The debates vary in topic, but share one core: time to think aloud together.
– Each debate lasts a full hour. It allows for both calm, depth and engagement. The goal is for listeners to leave the debate wiser than when they arrived. Maybe, in the middle of the ribs and rice cream, people will discover that they learned something that will actually stay with them going forward, says Gerhardsen.
A growing audience
Lytring organizes around 15 physical debates a year in Bodø, Levanger, Mo i Rana and Svolvær. They are also streamed live and made available afterwards. In 2025, more than 1,500 people attended in person, in addition to several thousand digital listeners.
– This year we have registered over five thousand digital listeners. And this spring, when Lytring -the debates were broadcast on NRK, 640,000 people followed. It shows that there is an appetite for this type of communication, she says.
The joy of democracy in practice
Gerhardsen has followed Lytring since the beginning, and describes the editorial work as a privilege.
– The idea came from Ingrid Bay-Larsen, Frode Bjørgo and Ragnhild Holmen Waldahl in Nordland Research Institute I was in the audience at the very first debate and felt that this hit me right in the heart.

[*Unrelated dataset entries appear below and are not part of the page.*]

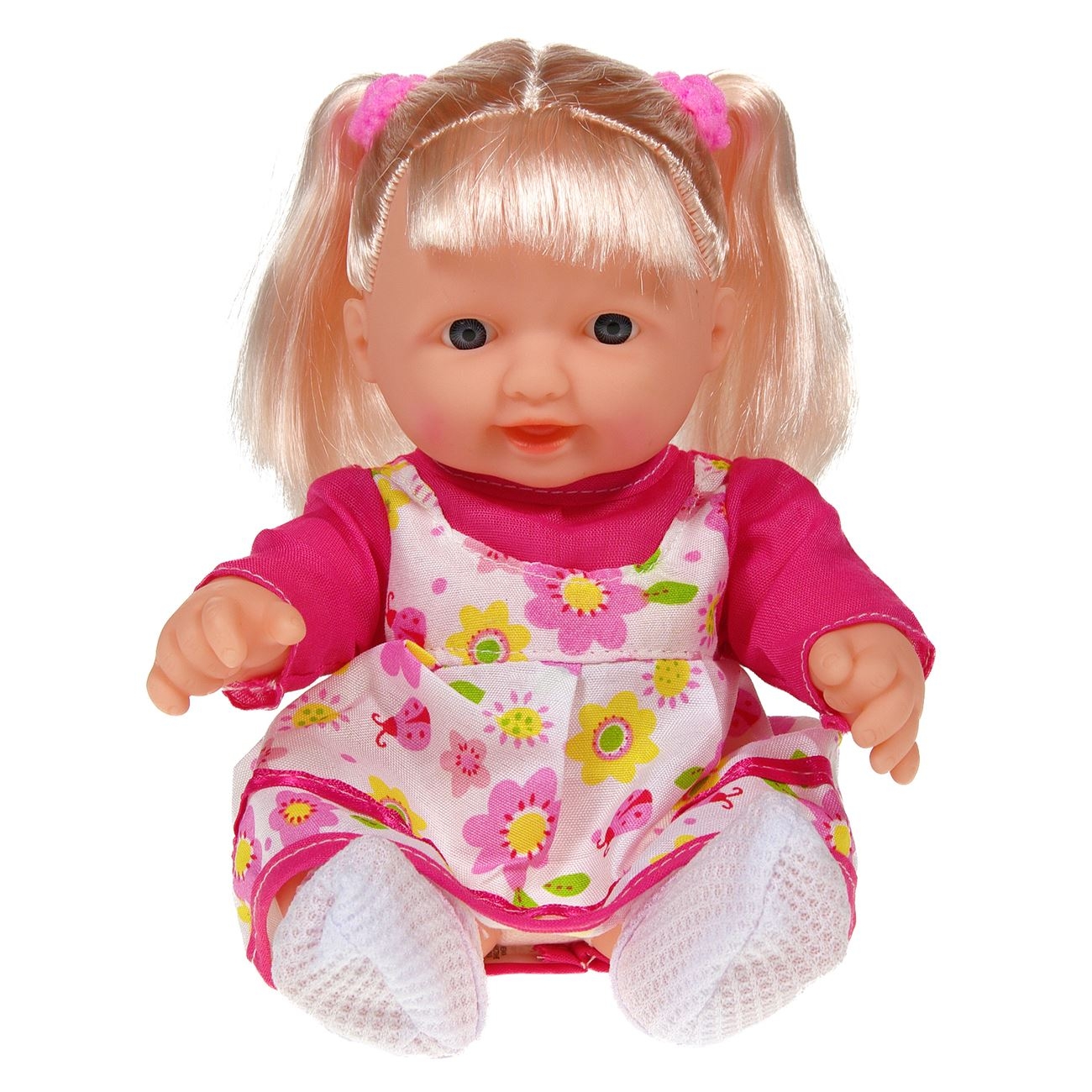 Papusa Rochie Fuchsia Blonda 25 cm. - Jucarii pentru copii Papusa Rochie Fuchsia Blonda 25 cm. - Jucarii pentru copii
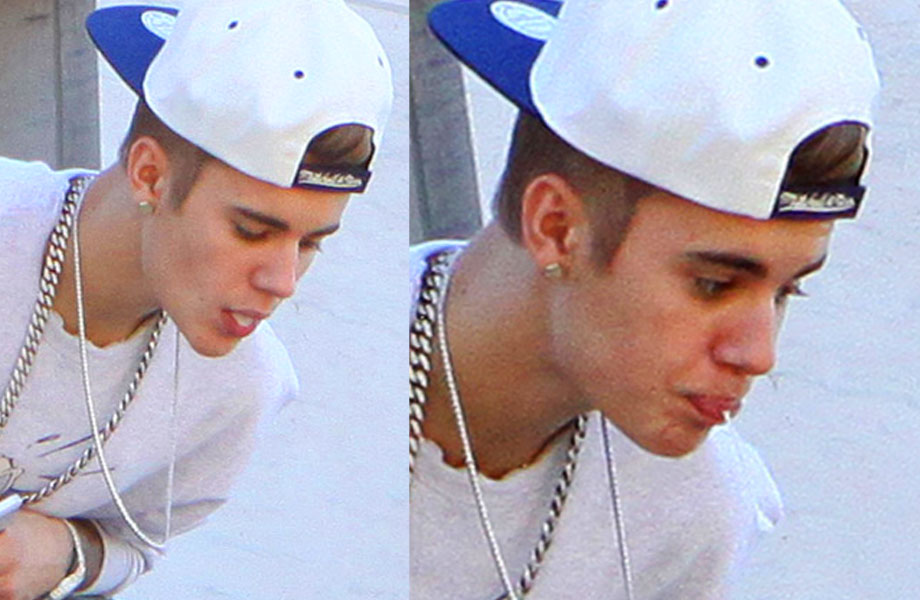 cuspe justin bieber0 7 celebridades que atacaram seus próprios fãs cuspe justin bieber0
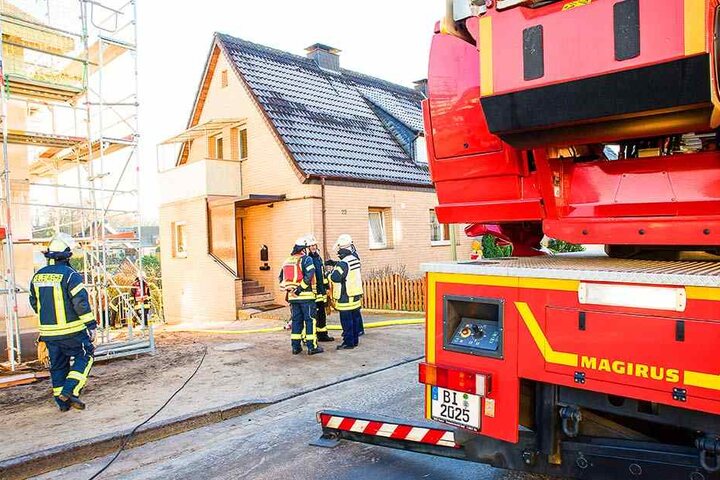Die Isolierung eine Wasserpumpe geriet in Brand.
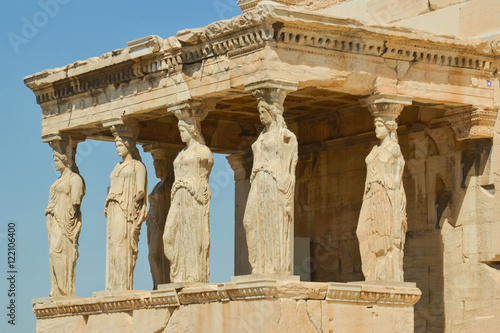 caryatids Athens Greece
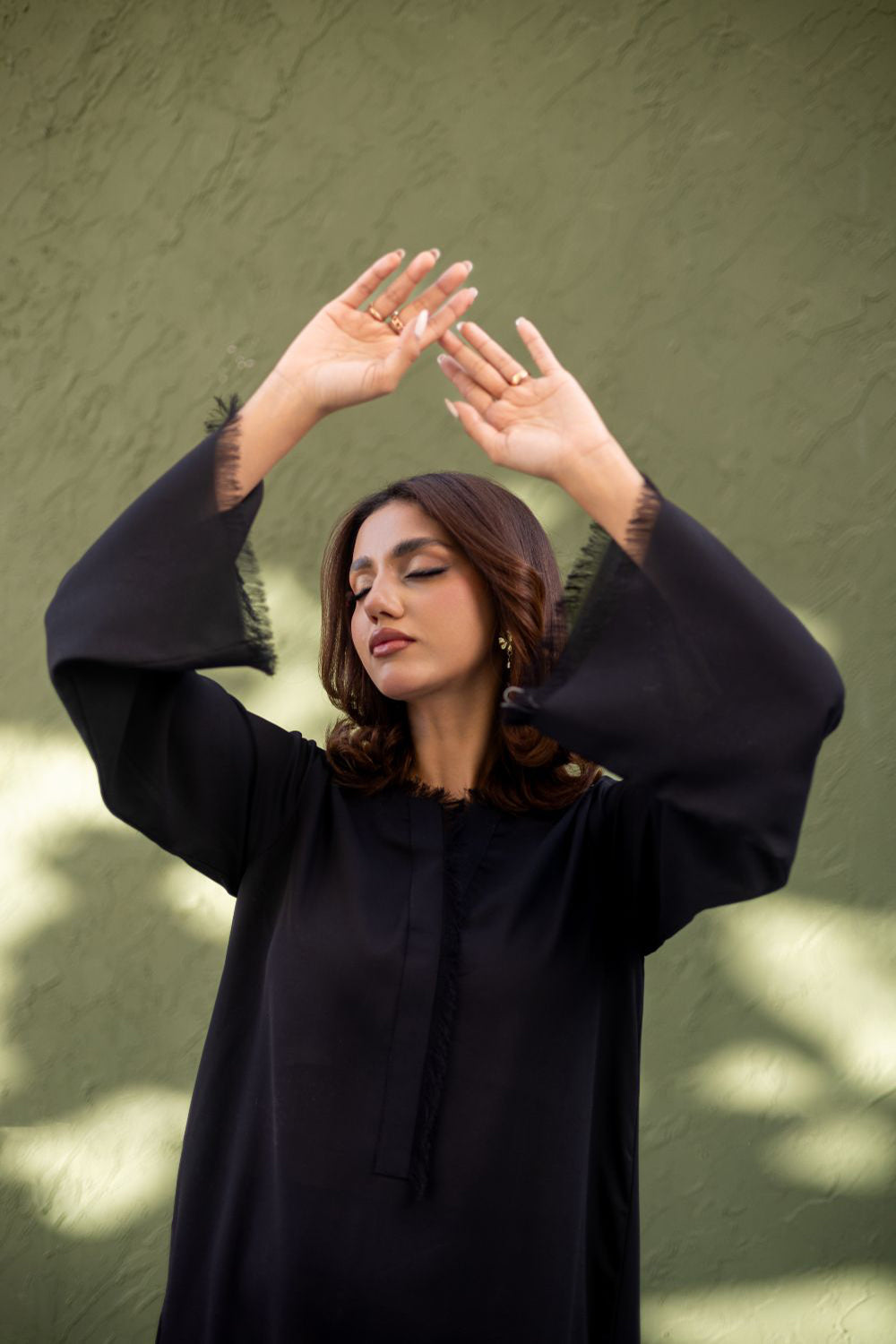 Khushboo & Pankaj Noir Ease Black Kurta Set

Lytring is about strengthening democracy. Open disagreement is not a nuisance; it is a sign of health. The biggest threat is that we become too similar.
She also points out that good research can withstand criticism, and that the public needs to hear professionals grapple with issues that matter.
“When research conclusions are tested in full transparency, the quality increases. It also prevents people from starting to speculate in secret,” she says.
A highlight and a reminder
Among many great experiences over ten years with Lytring , she highlights a debate about ME, entitled "Can one imagine being healthy?".
– The hall was full, and nearly three thousand followed us digitally. The topic is demanding, but we managed to create a factual and thorough debate in which several new voices emerged. That made me both proud and relieved.
For Gerhardsen, pride also lies in the meetings with the audience.
– I am touched when people I have never met say: ' Lytring 'Yes. I'm listening to that.' Then I feel that all the work is actually hitting the mark.
She feels that the arena now has a clear national position, and that the collaboration with NRK has been crucial for that promise.
– I am just as happy when people speak up afterwards, write reader contributions or challenge us. It shows that our debates ignite something, and that social engagement is growing among ordinary people, she says.
Lytring further
The spring program for 2026 is already ready, and all topics and dates are now available on lytring . Everything from trust in research to women's participation in society is being debated. Lytring asks, among other things: "Don't women want to work?", where the question is based on studies that, according to Gerhardsen, should concern everyone.
– It will be a broad and courageous program. I hope we reach even more people. And I really hope more academics connect as an audience. They have a lot to gain from supporting colleagues who stand up, says Gerhardsen.
She also highlights the support that makes Lytring possible.
– We could not have done it without the contributions from the Fritt Ord Foundation, Samfunnsløftet in SpareBank 1 Nord-Norge and Nordland County Municipality. It all means that they see the value of this as a democracy-preserving measure, says Lytring -the editor.
Gerhardsen smiles when asked what she hopes the Christmas listeners will be left with.
– That they feel a little wiser. And maybe a little more curious. That's a pretty nice Christmas present, actually.